• _SUPPLIED DATA_:
+ + + + + + +
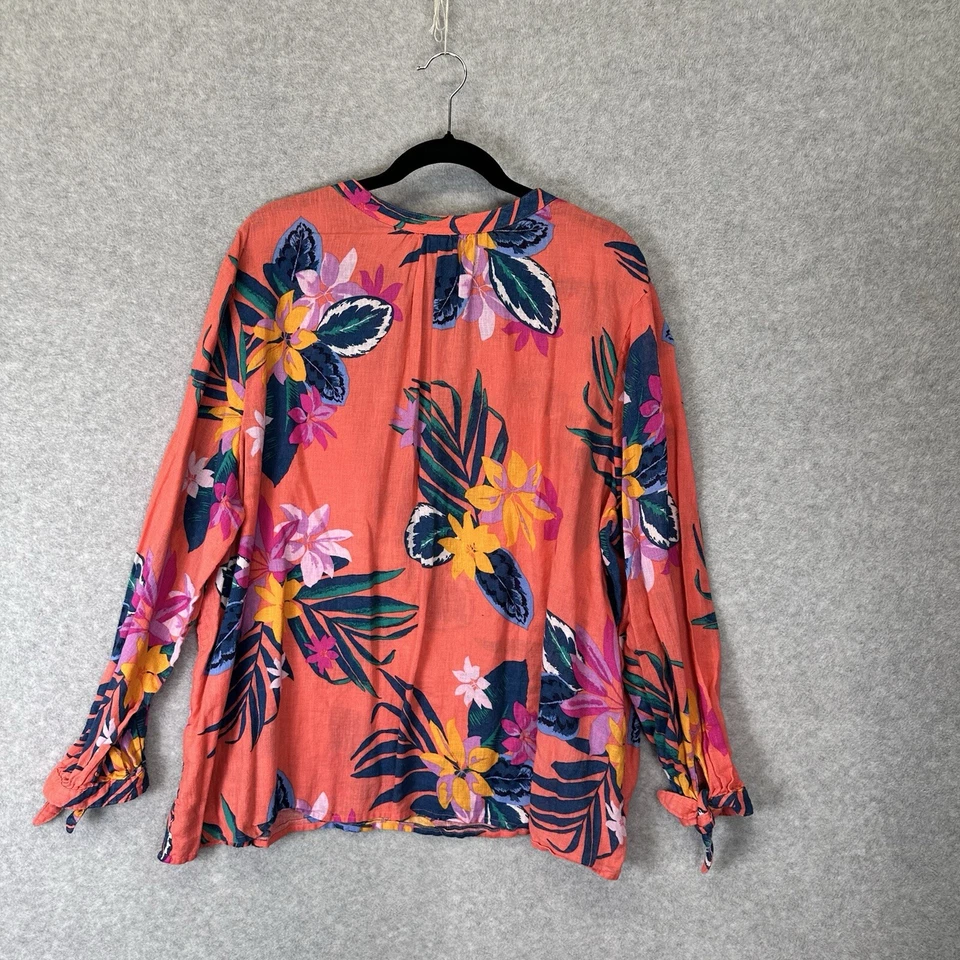 Blusa Pulôver Old Navy Decote V Floral Mescla de Linho Plus Size XXL Manga Longa - Imagem 4 de 4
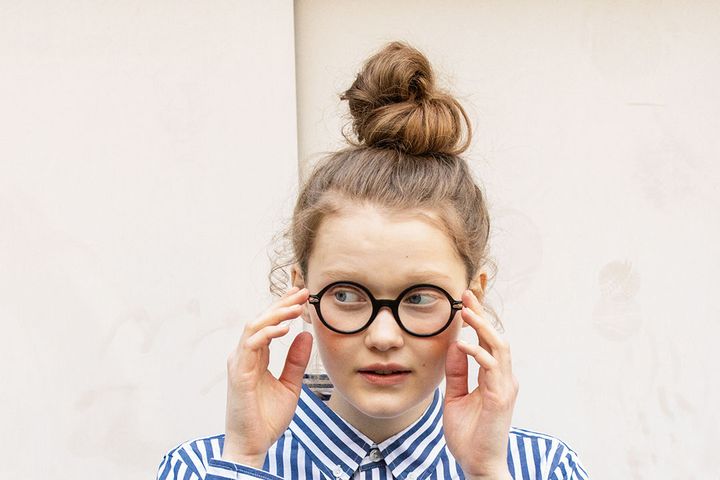 自分に似合うワンランク上の「かっこいいメガネ」の選び方とFUDGEおすすめコーデ例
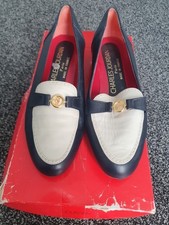 Ladies Vintage Charles Jourdan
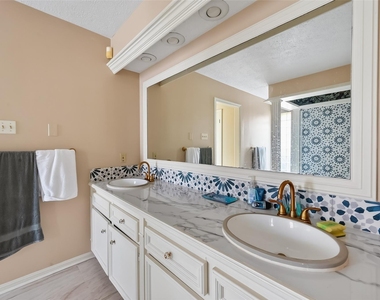 11302 Hylander Drive - Photo Thumbnail 28
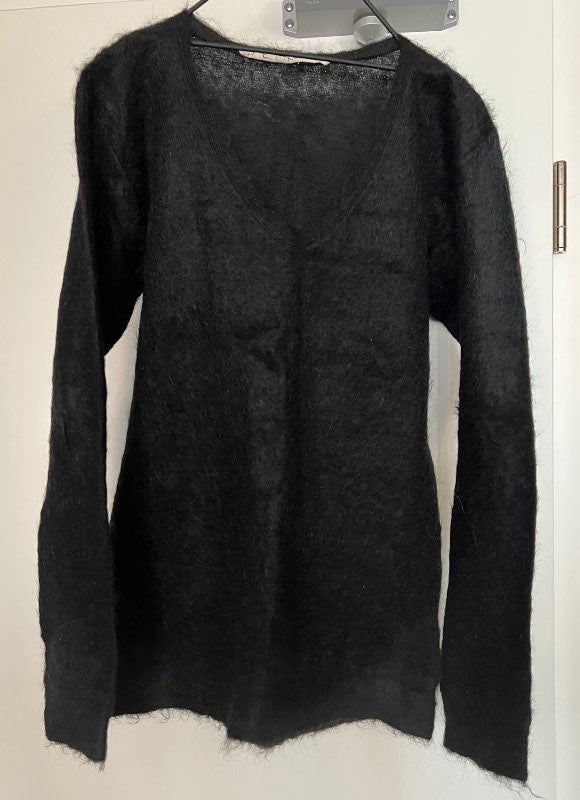 Jet Korine black V-neck sweater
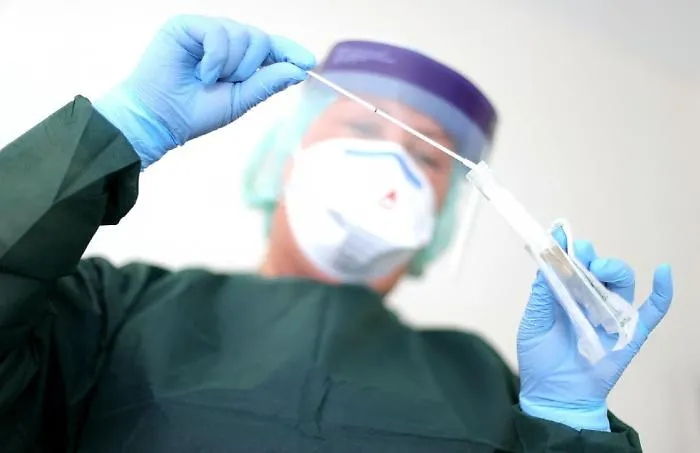 In Sicilia tamponi a tutto il personale sanitario: ecco come si proceder&agrave;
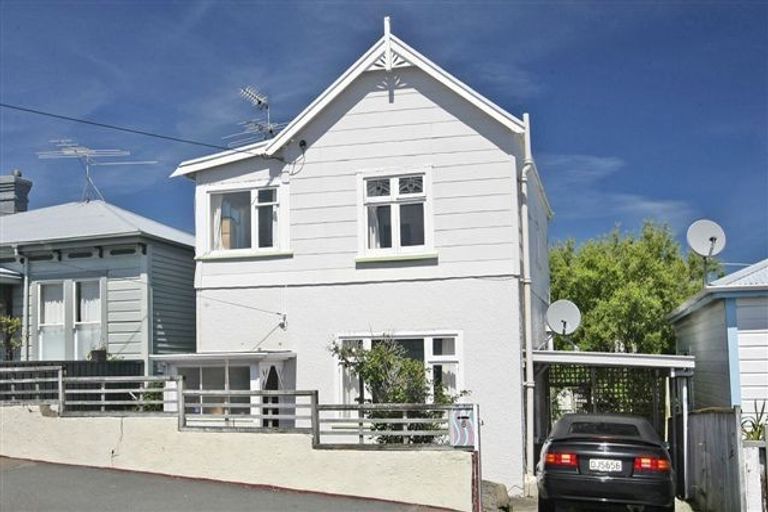 Photo of property in 6 Picton Avenue, Newtown, Wellington, 6021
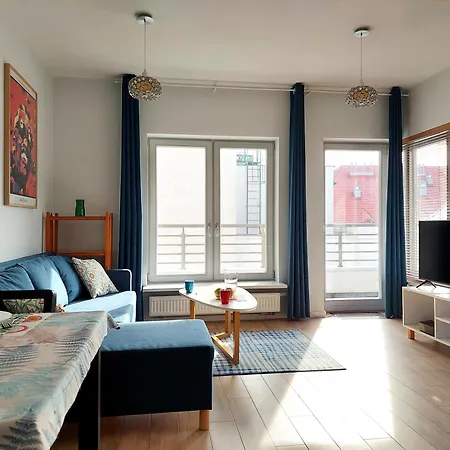 Апартаменты Metro Dzialdowska *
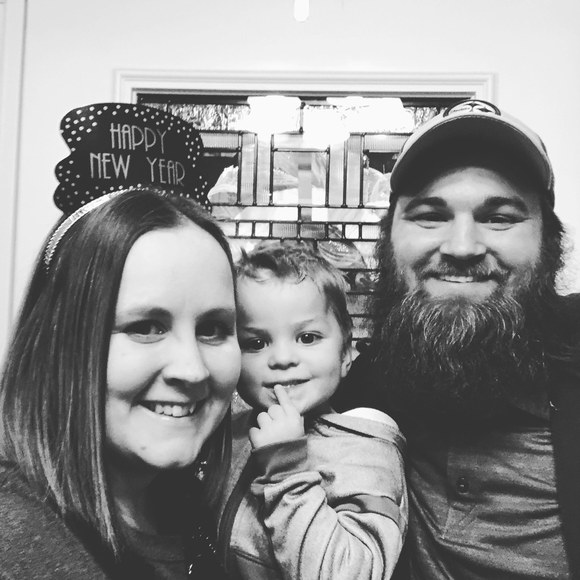 Profile Picture of Alicia Koenigs (@aliciakoenigs) on Poshmark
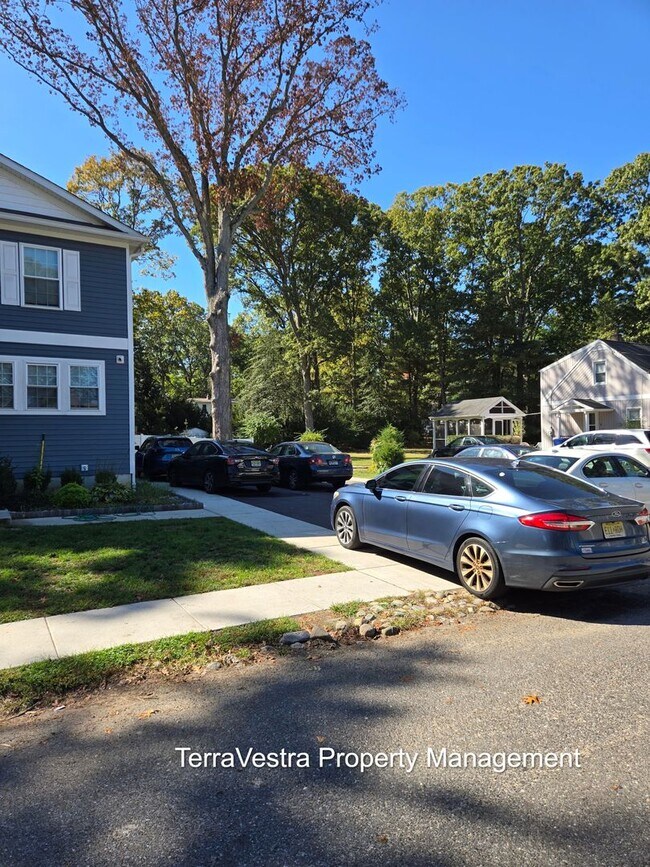 Building Photo - 12 Bedrooms!!!!!! Now showing for 2026-202...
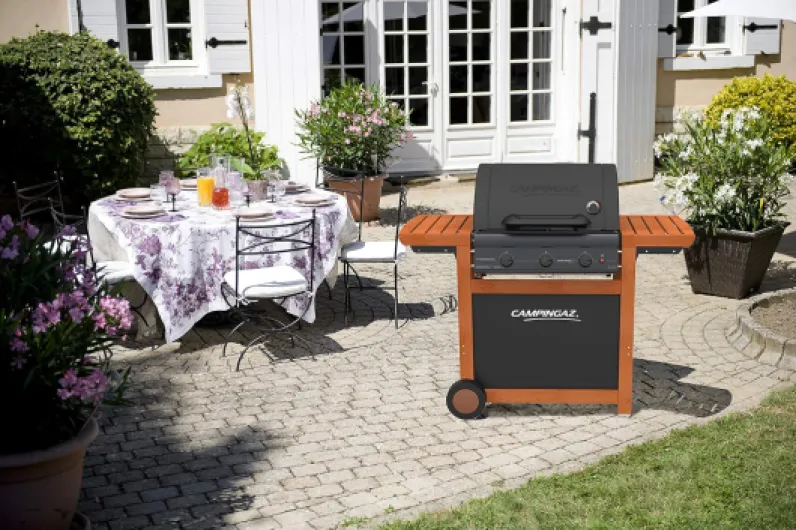 Barbecue Gaz Adelaide 3 Woody L, 3 Brûleurs BBQ Gaz, Puissance 14kW, Grille et Plancha en Acier, 2 Tablettes Latérales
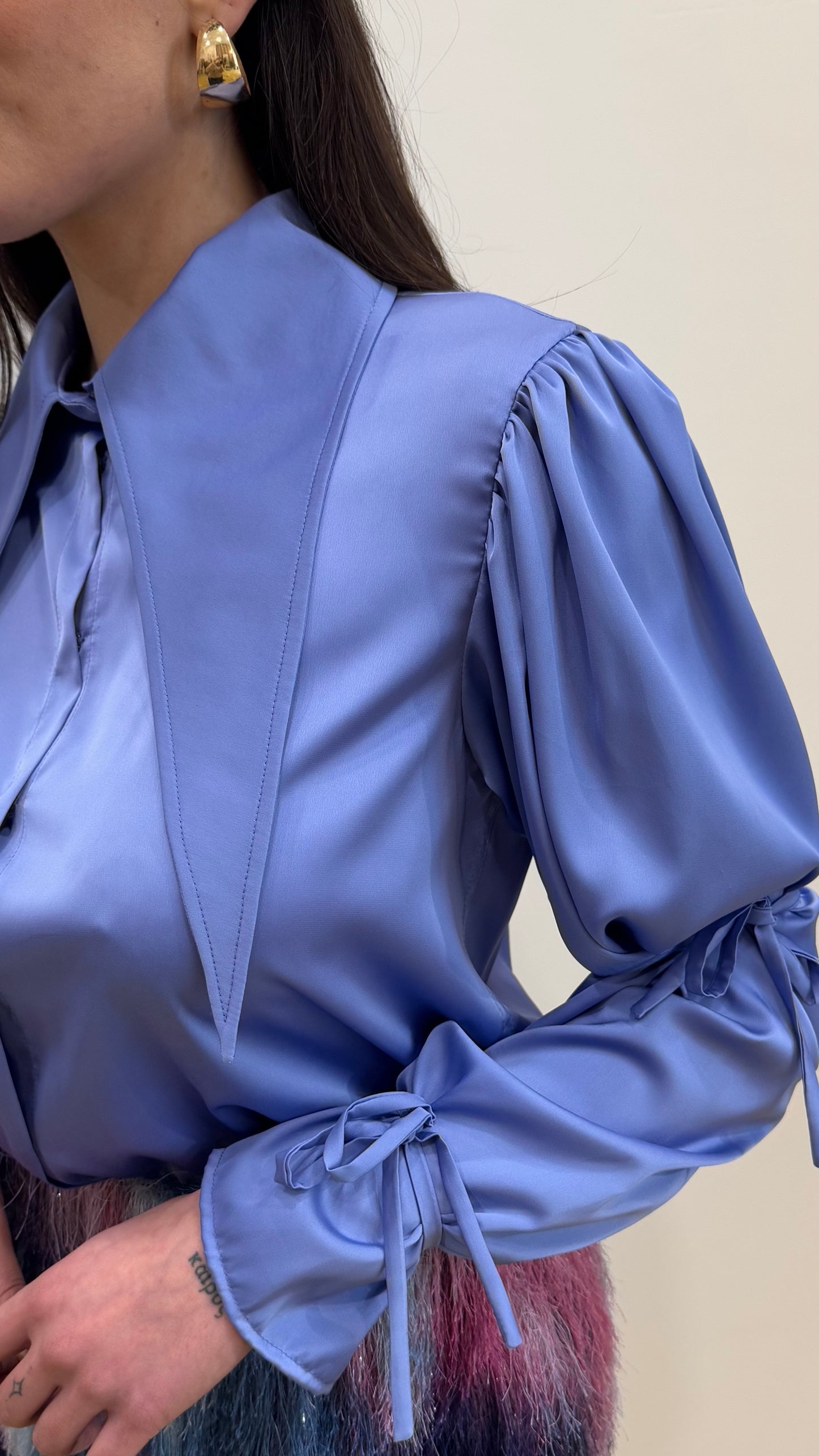 Camicia in satin pervinca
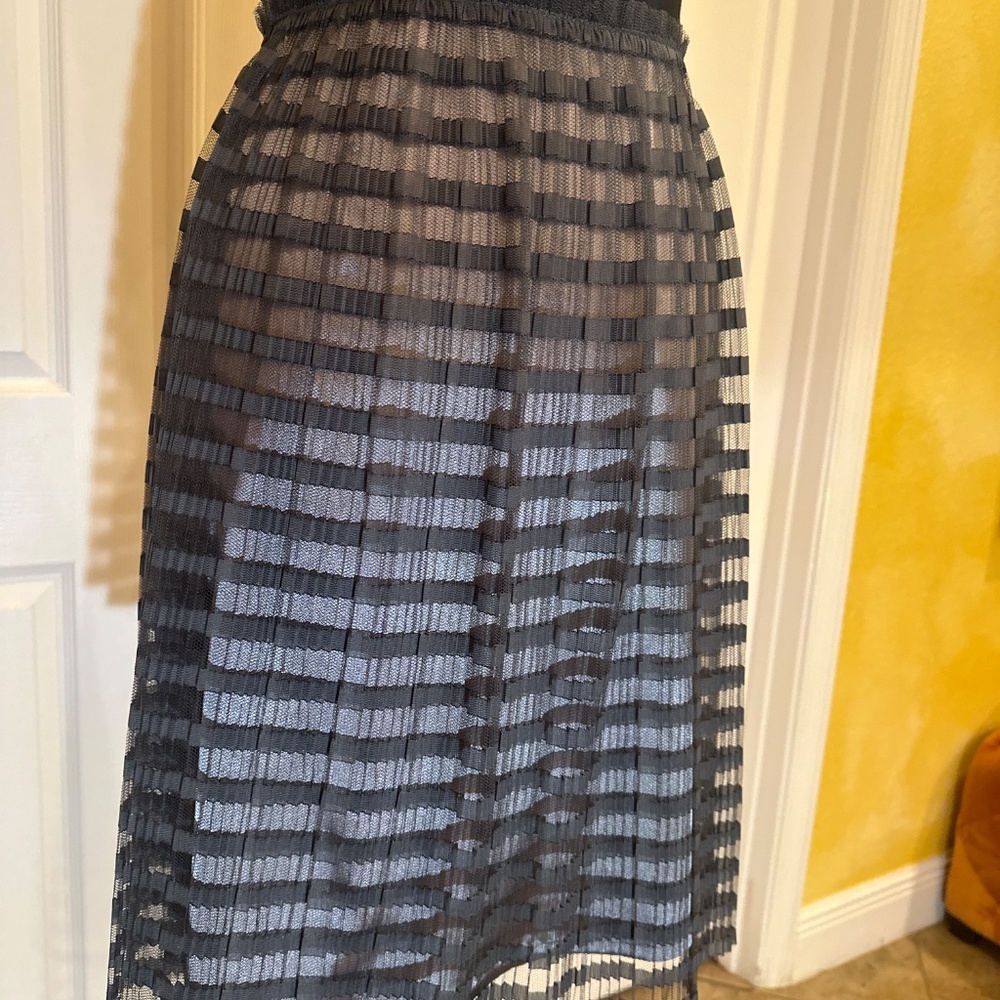 Dress - Picture 5 of 12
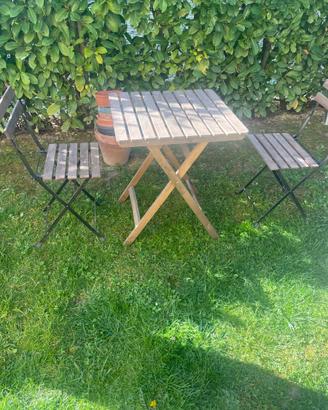 Tavolo e sedie da giardino
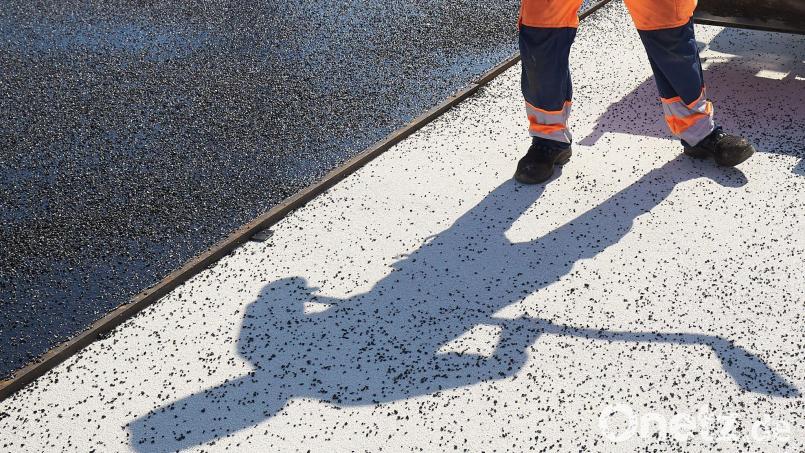 Auf der Baustelle für Straßenbau eskaliert ein Streit. (Symbolbild) Bild: Thomas Frey/dpa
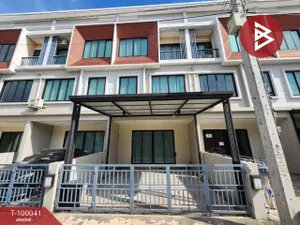  ขายทาวน์เฮ้าส์ หมู่บ้านเดอะทรอป เออเบิร์น มอเตอร์เวย์-ลาดกระบัง กรุงเทพมหานคร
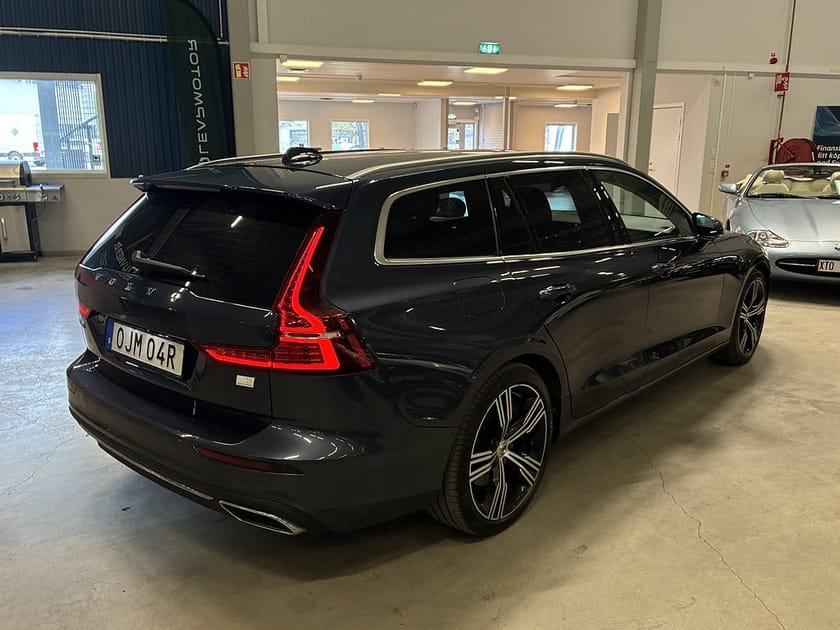 Bild 3 av Volvo V60 Recharge T6 AWD Geartronic Inscription Euro 6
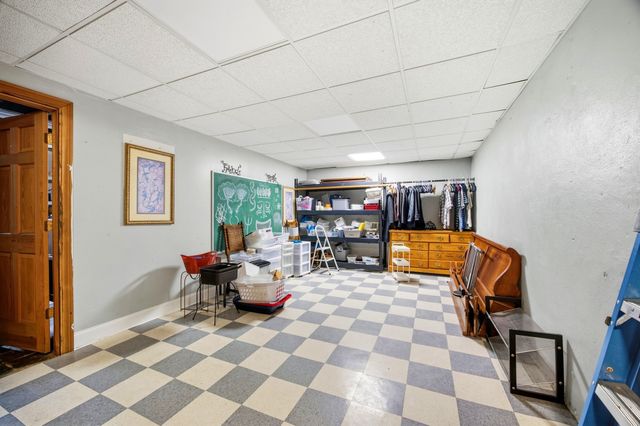 27 Palmer Ave, Chicopee, MA 01020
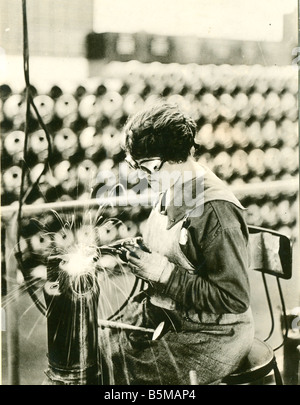 2 M146 R1 1918 B USA female worker welding 1918 Femmes au travail de l'industrie de l'armement USA travailleur féminin de souder la coquille d'un Banque D'Images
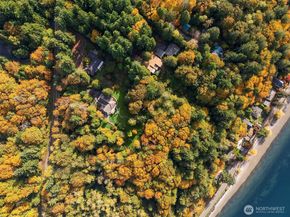 5815 NE Baker Hill Road, Bainbridge Island WA 98110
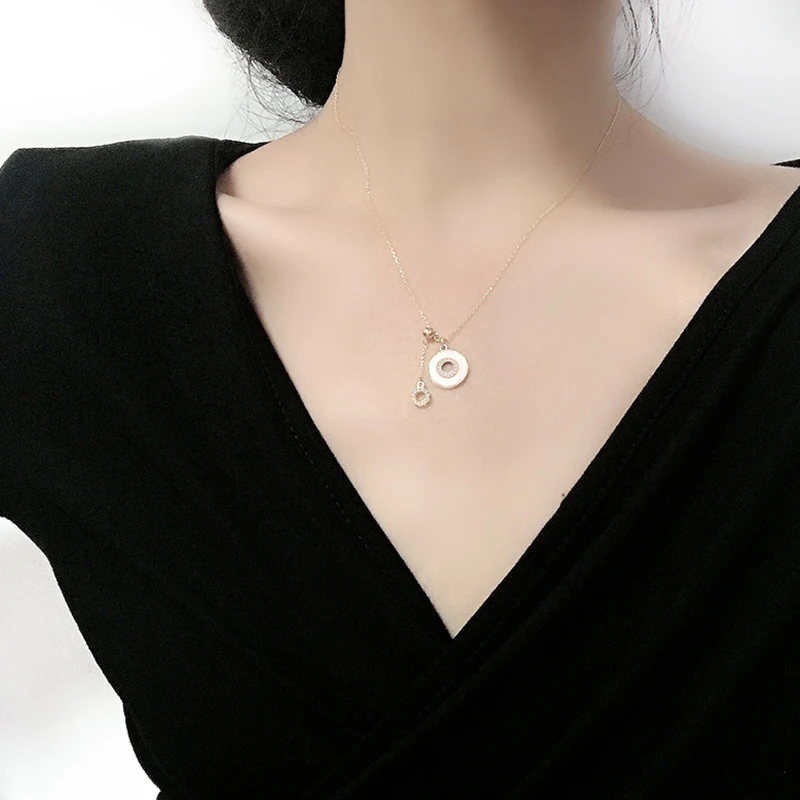 

Hollow Round Pendant Necklace with Zircon Elegant Simple Silver Choker Sweater Chain Jewelry Gift for Women XRQ88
+ + + + + + +
• _WHAT YOU HAVE TO DO_:
Beginning with the line where "Апартаменты Metro Dzialdowska *" appears, transcribe the records above word for word through their last line, and include no pictures.

• _TASK RESULT_:
 Апартаменты Metro Dzialdowska *
 Profile Picture of Alicia Koenigs (@aliciakoenigs) on Poshmark
 Building Photo - 12 Bedrooms!!!!!! Now showing for 2026-202...
 Barbecue Gaz Adelaide 3 Woody L, 3 Brûleurs BBQ Gaz, Puissance 14kW, Grille et Plancha en Acier, 2 Tablettes Latérales
 Camicia in satin pervinca
 Dress - Picture 5 of 12
 Tavolo e sedie da giardino
 Auf der Baustelle für Straßenbau eskaliert ein Streit. (Symbolbild) Bild: Thomas Frey/dpa
  ขายทาวน์เฮ้าส์ หมู่บ้านเดอะทรอป เออเบิร์น มอเตอร์เวย์-ลาดกระบัง กรุงเทพมหานคร
 Bild 3 av Volvo V60 Recharge T6 AWD Geartronic Inscription Euro 6
 27 Palmer Ave, Chicopee, MA 01020
 2 M146 R1 1918 B USA female worker welding 1918 Femmes au travail de l'industrie de l'armement USA travailleur féminin de souder la coquille d'un Banque D'Images
 5815 NE Baker Hill Road, Bainbridge Island WA 98110

Hollow Round Pendant Necklace with Zircon Elegant Simple Silver Choker Sweater Chain Jewelry Gift for Women XRQ88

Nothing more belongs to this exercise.